Inter-Amerikaanse Hof voor de Rechten van de Mens uitgesproken naar aanleiding van het bloedbad dat tijdens de binnenlandse oorlog in 1986 plaatsvond in het dorpje Moiwana.
Dieptepunt
Troepen van het Nationaal Leger (dat formeel onder bevel stond van de huidige president Bouterse) vielen het dorp binnen in de veronderstelling dat er zich manschappen van het Jungle Commando van Ronnie Brunswijk schuil hielden.
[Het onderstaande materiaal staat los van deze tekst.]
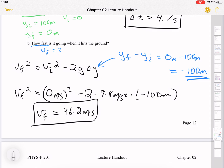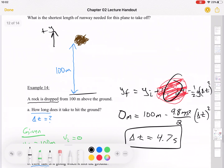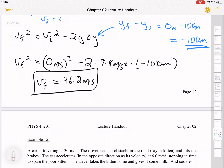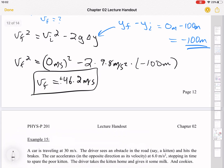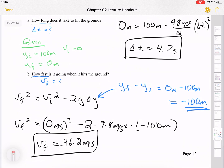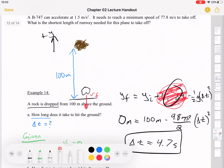The key takeaway is to be careful with signs — delta_y is a vector and its sign matters. Also, is v_final positive or negative? It should be negative, because when the rock hits the ground it's moving downward. When you square root you get two answers — positive or negative — and the physical situation tells us the negative answer is correct. The final velocity is downward, so it should carry a negative sign, which comes from intuition about the problem.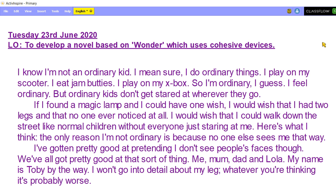If I found a magic lamp and I could have one wish, I would wish that I had two legs and that no one ever noticed at all. I would wish that I could walk down the street like normal children without everyone just staring at me. Here's what I think. The only reason I'm not ordinary is because no one else sees me that way. I've gotten pretty good at pretending I don't see people's faces though. We've all gotten pretty good at that sort of thing — me, mum, dad and Lola. My name's Toby by the way. I won't go into detail about my leg. But whatever you're thinking, it's probably worse.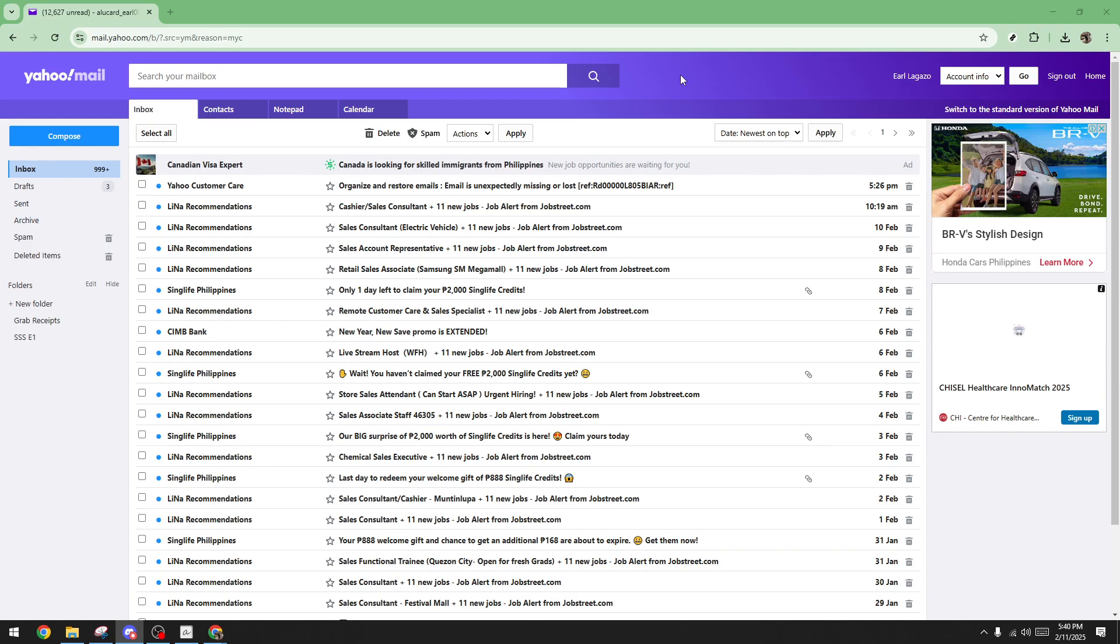First things first, open your Yahoo email account. Head over to your browser and log into your account. Make sure you enter your credentials correctly to avoid any unnecessary delays.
De militairen schoten 39 dorpelingen (onder wie veel vrouwen en kinderen) dood. Moiwana werd vervolgens platgebrand.
De gebeurtenissen worden gezien als het dieptepunt van de binnenlandse oorlog. Nog niet eerder waren er zoveel burgerslachtoffers in deze oorlog gevallen. Meteen na dit drama kwam een enorme vluchtelingenstroom op gang naar het buurland Frans Guyana.
Veroordeeld
In augustus 2005 heeft het hof de republiek Suriname veroordeeld voor de massamoord en aangegeven dat er een proces en een schadevergoeding moesten komen.
De Surinaamse overheid liet tijdens de regering van president Venetiaan ter compensatie een aantal huizen bouwen maar tot op heden zijn de daders niet vervolgd.
In gebreke
Ook in het naleven van het zogenaamde Samaaka-vonnis blijft de Surinaamse regering volgens de OAS-commissie in gebreke.
In dat vonnis wordt de Surinaamse overheid verplicht om bij exploitatie van grondstoffen in het binnenland een deel van de opbrengst af te staan aan de bewoners van het gebied en hen te betrekken bij de exploitatie.
Ook over de gevolgen van de mijnbouw voor de plaatselijke bevolking maakt de OAS zich zorgen. De bewoners krijgen te maken met slecht drinkwater door kwikgebruik, kinderarbeid, seksueel geweld en gedwongen verhuizingen. De Surinaamse overheid moet betere controles uitoefenen en schuldigen harder aanpakken, stelt de OAS.